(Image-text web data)
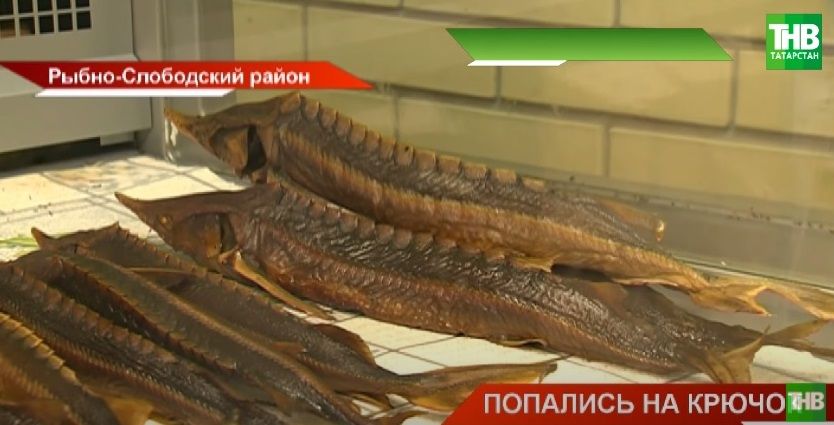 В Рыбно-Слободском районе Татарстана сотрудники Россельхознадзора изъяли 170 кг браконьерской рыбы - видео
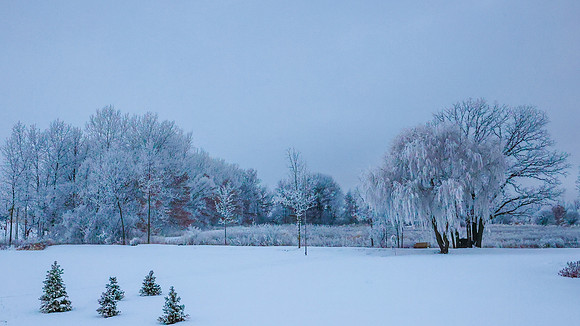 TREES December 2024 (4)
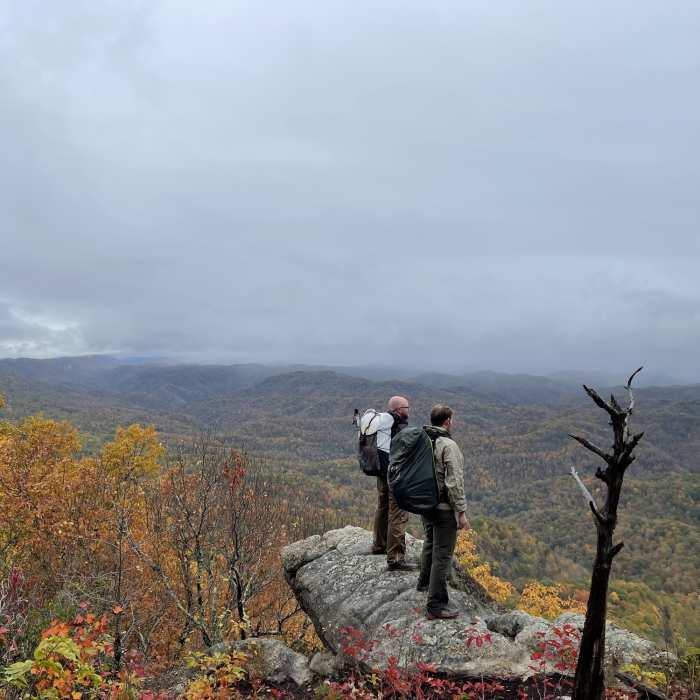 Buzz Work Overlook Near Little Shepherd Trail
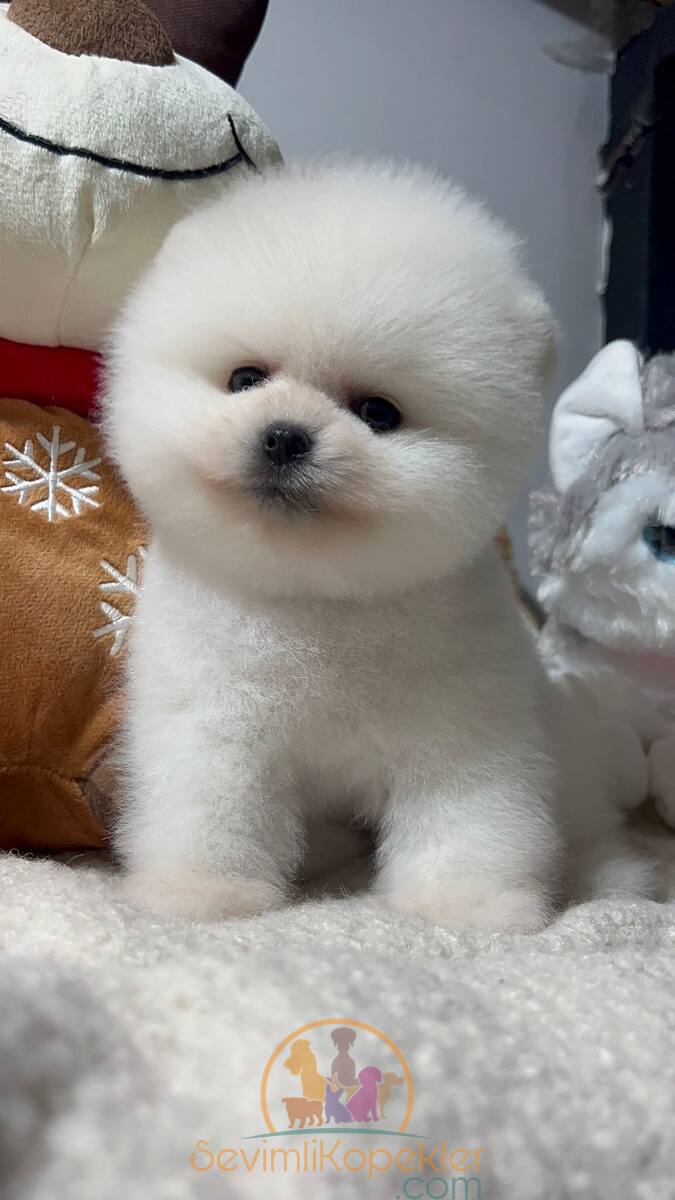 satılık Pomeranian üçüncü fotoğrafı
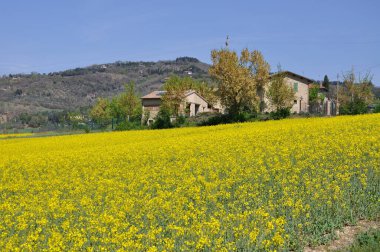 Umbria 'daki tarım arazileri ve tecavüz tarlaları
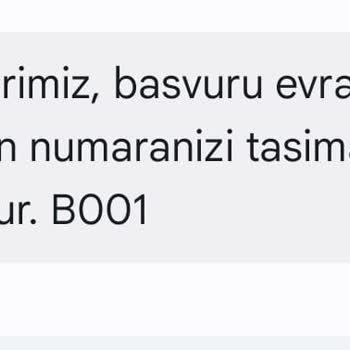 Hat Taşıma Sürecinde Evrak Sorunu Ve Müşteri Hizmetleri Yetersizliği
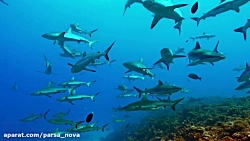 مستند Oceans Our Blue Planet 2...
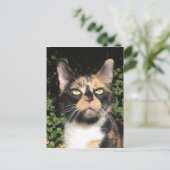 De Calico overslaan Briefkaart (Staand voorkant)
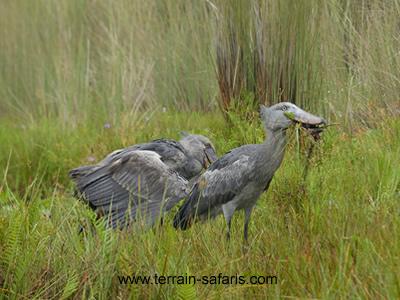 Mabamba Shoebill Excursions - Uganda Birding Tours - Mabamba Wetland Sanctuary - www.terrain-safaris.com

▶ **EXERCISE GOAL**:
Write out word for word every line from the line with "Hat Taşıma Sürecinde" through the final line of the records, both included, skipping the pictures.

▶ **TASK OUTPUT**:
 Hat Taşıma Sürecinde Evrak Sorunu Ve Müşteri Hizmetleri Yetersizliği
 مستند Oceans Our Blue Planet 2...
 De Calico overslaan Briefkaart (Staand voorkant)
 Mabamba Shoebill Excursions - Uganda Birding Tours - Mabamba Wetland Sanctuary - www.terrain-safaris.com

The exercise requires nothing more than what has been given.